◆ **Exercise details**: Once the images are set aside, output the listing exactly as it stands.
====== Data provided
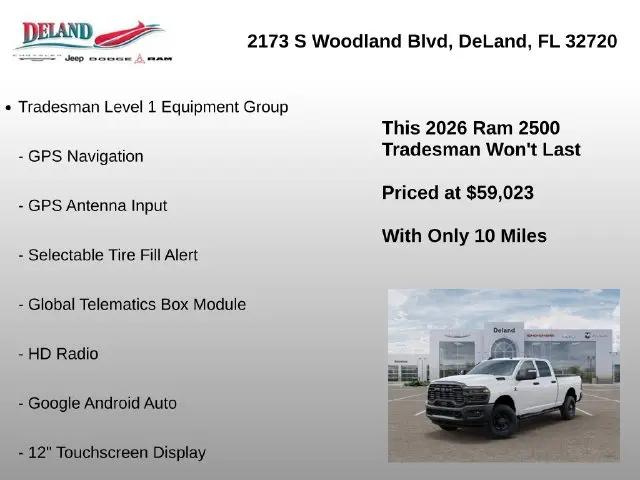 2026 Ram 2500 Tradesman Crew Cab 4x4 64 Box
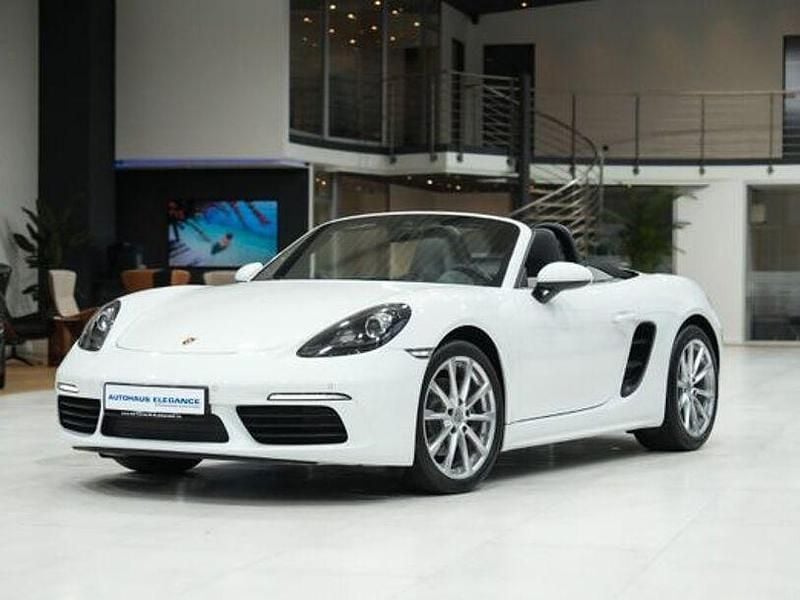 Gebraucht Porsche Boxster 299 PS (219 kW) 2020 Weiss Cabrio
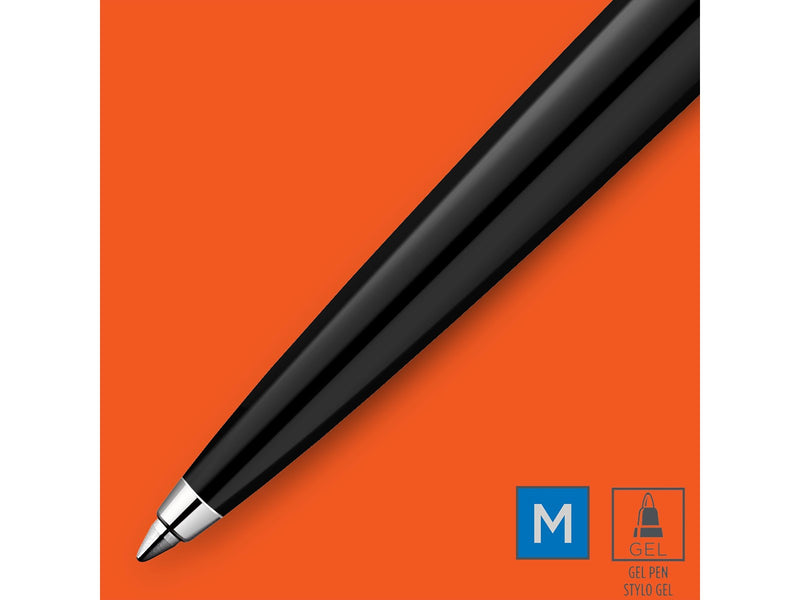 Parker Jotter Originals Collection-Gelstift | Klassisches Schwarz | mittelfeine Schreibspitze | blaue Tinte | 1 Stück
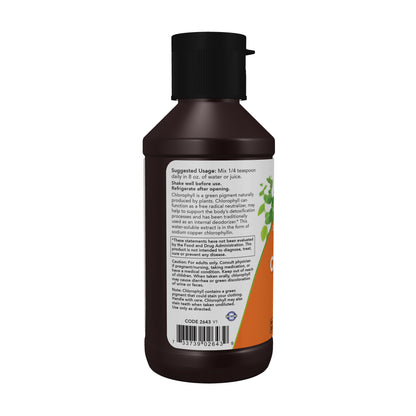 NOW Supplements, Extra Strength Liquid Chlorophyll, Unflavored, Internal Deodorizer*, 4 fl. Oz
============
◆ **Solution to the exercise**:
 2026 Ram 2500 Tradesman Crew Cab 4x4 64 Box
 Gebraucht Porsche Boxster 299 PS (219 kW) 2020 Weiss Cabrio
 Parker Jotter Originals Collection-Gelstift | Klassisches Schwarz | mittelfeine Schreibspitze | blaue Tinte | 1 Stück
 NOW Supplements, Extra Strength Liquid Chlorophyll, Unflavored, Internal Deodorizer*, 4 fl. Oz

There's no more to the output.